Exercise materials
————

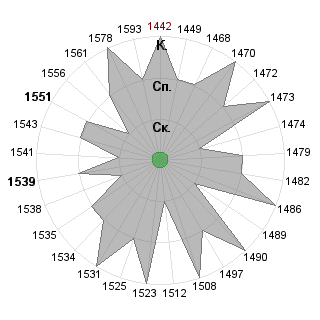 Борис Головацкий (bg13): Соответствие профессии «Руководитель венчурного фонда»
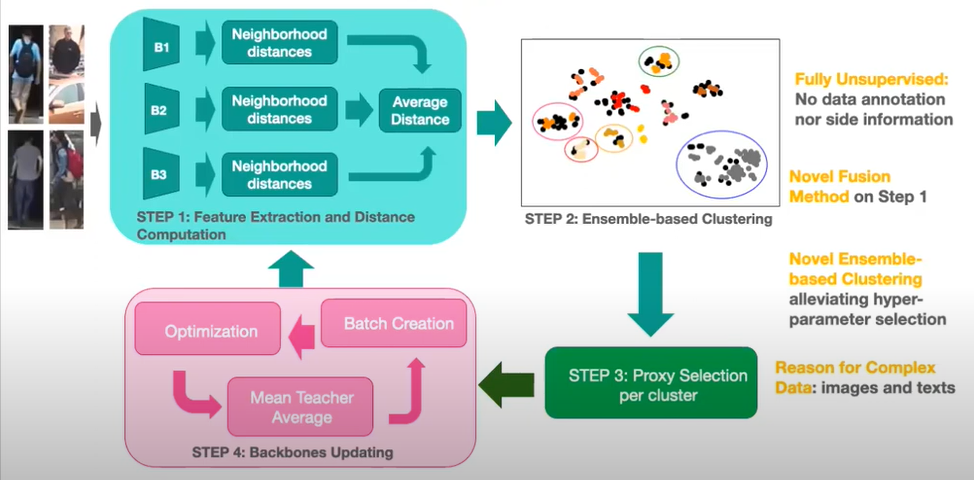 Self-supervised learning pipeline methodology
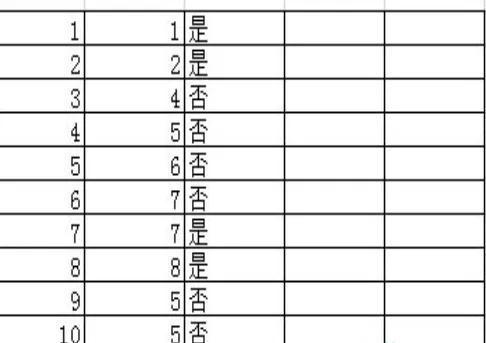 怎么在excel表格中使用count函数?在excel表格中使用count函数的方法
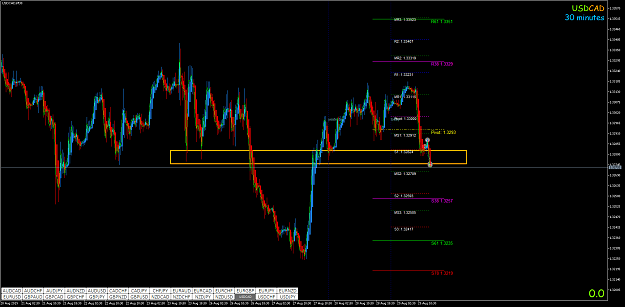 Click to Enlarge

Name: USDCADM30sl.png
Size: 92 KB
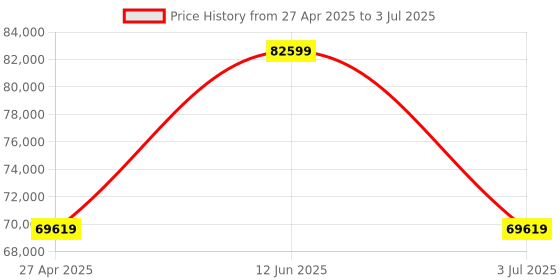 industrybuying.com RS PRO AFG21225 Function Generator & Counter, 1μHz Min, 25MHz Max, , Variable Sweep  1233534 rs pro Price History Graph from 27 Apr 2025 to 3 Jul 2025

————

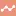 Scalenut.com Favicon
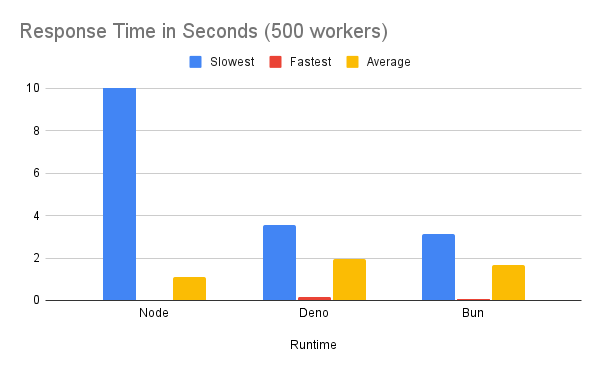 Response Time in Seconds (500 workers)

————

Work item
The answer is those lines of the material above that run from the one containing "Борис Головацкий (bg13): Соответствие" up to and including the one containing "industrybuying.com RS PRO", restated exactly and without images.

Task answer
 Борис Головацкий (bg13): Соответствие профессии «Руководитель венчурного фонда»
 Self-supervised learning pipeline methodology
 怎么在excel表格中使用count函数?在excel表格中使用count函数的方法
 Click to Enlarge

Name: USDCADM30sl.png
Size: 92 KB
 industrybuying.com RS PRO AFG21225 Function Generator & Counter, 1μHz Min, 25MHz Max, , Variable Sweep  1233534 rs pro Price History Graph from 27 Apr 2025 to 3 Jul 2025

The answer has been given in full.